Sports arenas can be a tremendous boost to a local economy in a number of ways. Namely, arenas hosting professional sports teams can attract fans that attend the games and generate revenue. This is the main reason the Coyotes are having trouble completing a sale. The City of Glendale fronts the hefty checks to the NHL to cover the Coyotes’ operating losses and to keep the team in Arena, while having to consistently battle one of the lowest attendance rates in the league.

Lease agreements in professional sports serve as a documentation of contractual rights between a sports franchise to use a facility in exchange for that franchise’s pledge to play their home games at the same facility. Professional sports lease agreements also serve as a contract to delineate the rights and responsibilities of the parties concerning the operation and upkeep of the facility, as well as their financial arrangements. In certain cases, a lease agreement will require a team to pay the facility owner a flat rate rental fee, while in others the fee will vary based on a percentage of revenue generated by the sports franchise.

When stadium financing agreements involve public funds, government authorities typically require teams to enter into a non-relocation agreement to prevent the franchise from moving to a different city. This is a way the owners of the arena protect the interests of the taxpayers to prevent injury to the welfare, recreation, prestige, prosperity, and trade and commerce of the community.[1] As Arena is owned by the City of Glendale, public funds are in the mix for a lease agreement with the potential new owners of the Coyotes and a non-relocation agreement could play an interesting role in determining the future of a team not able to draw fans.

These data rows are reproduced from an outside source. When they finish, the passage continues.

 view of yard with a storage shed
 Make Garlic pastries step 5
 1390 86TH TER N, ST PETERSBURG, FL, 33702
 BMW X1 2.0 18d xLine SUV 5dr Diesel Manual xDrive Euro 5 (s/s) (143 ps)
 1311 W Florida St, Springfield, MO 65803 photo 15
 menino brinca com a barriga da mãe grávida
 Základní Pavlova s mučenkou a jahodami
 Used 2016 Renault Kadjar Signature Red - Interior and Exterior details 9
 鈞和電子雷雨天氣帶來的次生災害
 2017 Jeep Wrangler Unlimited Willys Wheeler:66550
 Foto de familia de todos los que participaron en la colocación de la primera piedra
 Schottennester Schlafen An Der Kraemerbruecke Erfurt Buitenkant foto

Renaissance must reach an agreement with the City of Glendale to keep the Coyotes in the desert. Glendale Mayor Jerry Weiers is in a difficult predicament due to the amount of funds the city is pumping into efforts to keep the Coyotes in Glendale, while dealing with little fan interest in the Coyotes. Glendale could be on the hook for up to $15 million per year over a long-term lease for arena management fees, while also paying off the construction debts of their arena. Glendale has already felt the weight of the struggling Coyotes coupled with the downturn of the economy and has had to lay off public workers and has even considered using its city hall and police department as collateral for a loan. Mayor Weiers has gone on record stating that he has approximately $6 million budgeted for arena management fees, because he refuses to cut into the general fund of the city any more to support a failing hockey team.

It will be interesting to see what happens with Renaissance Sports and Entertainment Group’s bid on the Coyotes. The two sides are quite far apart from agreement on arena management fees, but a positive aspect about Renaissance’s bid is that they are a diverse group of investors coming from both Canada and the United States. This may help the financial viability of the franchise in the future. Regardless of what happens, NHL attendance figures don’t lie and the Coyotes have been near the bottom of the league, if not the very bottom, in attendance every operational year for the past decade.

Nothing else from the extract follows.